For The New York Times to have taken as gospel Sanusi’s views on the $20 billion purportedly missing from the Nigerian National Petroleum Corporation (NNPC) without reflecting the number of times Sanusi’s figures has changed is a disservice not only to the newspaper but the ideals of good journalism.
It is important to recall that in September 2013 Sanusi wrote to President Goodluck Jonathan alleging that $49.8 billion from the sale of crude oil was missing. He later said he’d made a mistake and that the actual figure was $12 billion. In February 2014 Sanusi’s figure changed to $20 billion. The question that naturally arises from this is: how would The New York Times have presented the article it did on Sanusi if the Chair of the US Federal Reserve System flip-flopped in the manner that the suspended CBN governor did?

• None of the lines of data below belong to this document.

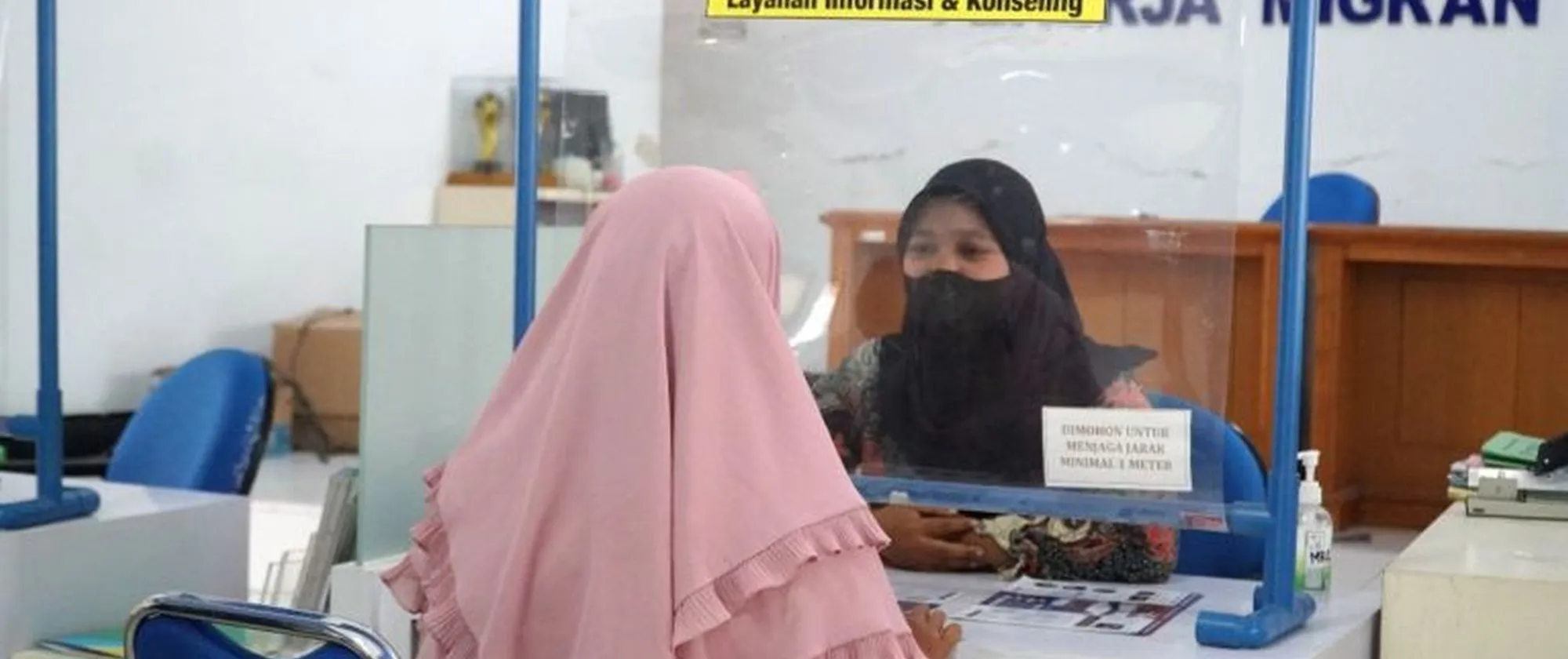 2 women with hijab sit face-to-face in an office 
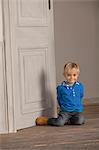 Junge sitzt auf Holzboden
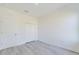 Bedroom features light gray flooring, white trim, and a double door closet at 4914 Sw 147Th Loop, Ocala, FL 34473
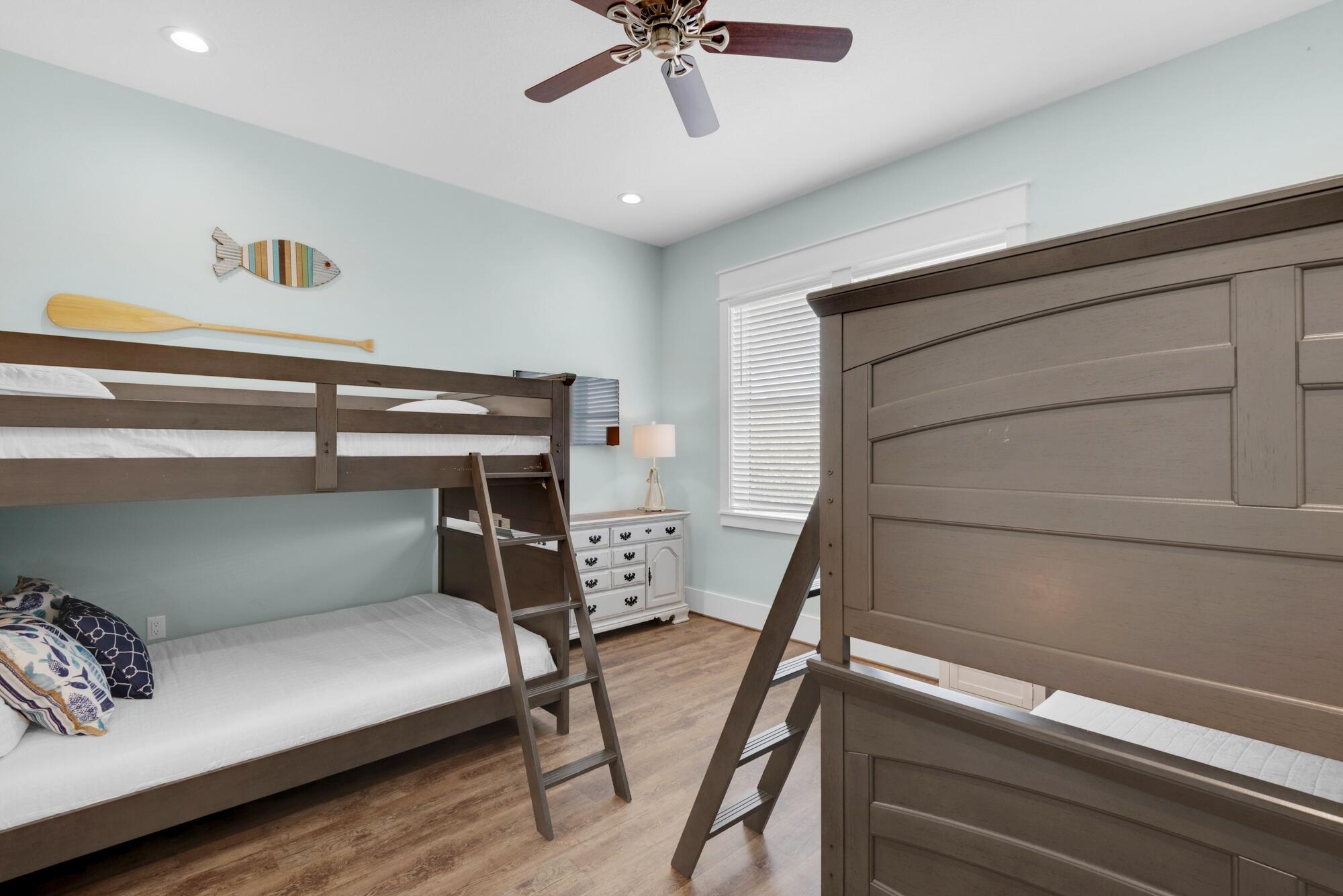 4563 Luke Avenue Destin, FL 32541 - Photo 27 of 37 a bedroom with bunk bed and a ceiling fan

It is an incontestable fact that a banker who is flippant with figures simply cannot be credible. Consequently, the failure to reflect that Sanusi is inconsistent with figures, and as such cannot be relied upon—whether in the court of law or the court of public opinion—is the great undoing of The New York Times article.
To further diminish its stature, the newspaper related in its report that, according to Sanusi, President Jonathan doesn’t want him to bring out any more information that would get the administration into trouble. This is unfair to say the least. President Jonathan, as everybody knows, is the most liberal president Nigeria has ever had. Moreover, everybody in Nigeria is equally aware that nobody can stop Sanusi, being the canary that he is, from singing, even if all he does is to keep flip-flopping when it comes to figures.
To put this matter in the most lucid way, The New York Times showed great contempt for Nigeria and Nigerians by failing to hold Sanusi to the same level of responsibility in fiscal precision as it would the Chair of the US Federal Reserve System. The newspaper is, in effect, saying that the Chair of the US Federal Reserve System must be sure of figures before going public with them, but the governor of the Central Bank of Nigeria can play with figures all he wants because he is a lesser intellectual being. This is a grievous insult to Sanusi—even if the man in his eagerness to outperform all canaries do not realise this—and all Nigerians.
It is also important to note that, for The New York Times to dismiss the many infractions listed by the Financial Reporting Council of Nigeria (FRCN) against Sanusi by saying he may have “sidestepped civil-service rules” is to raise the possibility that the article was a sponsored foundation-laying report aimed at tarnishing the Nigerian government.
For the avoidance of doubt, the FRCN report listed infractions ranging from tax evasion by all staff of the CBN—due to the institution’s failure to implement the provisions of the Personal Income Tax (Amendment) Act 2007 under Sanusi’s watch—through billions of naira spent on spurious subheads such as ‘Lunch for policemen’, to more billions purportedly paid to an airline that had no significant operations for over two years. These are just a few of the very specific and detailed charges against Sanusi’s stewardship at the CBN.
Despite the attempt of The New York Times to present Sanusi as a credible source of information, the facts contained in the FRCN report paint a contrary picture. Apart from the shocking portrait of incompetence, financial recklessness, waste and outright fraud that the report revealed, everybody now knows that Sanusi’s CBN could not even observe the corporate governance practices which were the basis that Sanusi himself used in hounding several bankers like Erastus Akingbola and Cecelia Ibru out of their jobs.
The major lesson in the foregoing—which would likely be lost on someone too busy putting canaries to shame—is that a newspaper like The New York Times ought to be more circumspect when putting together a report from a source whose reliability in his designated field of competence is not worth wasting newsprint on.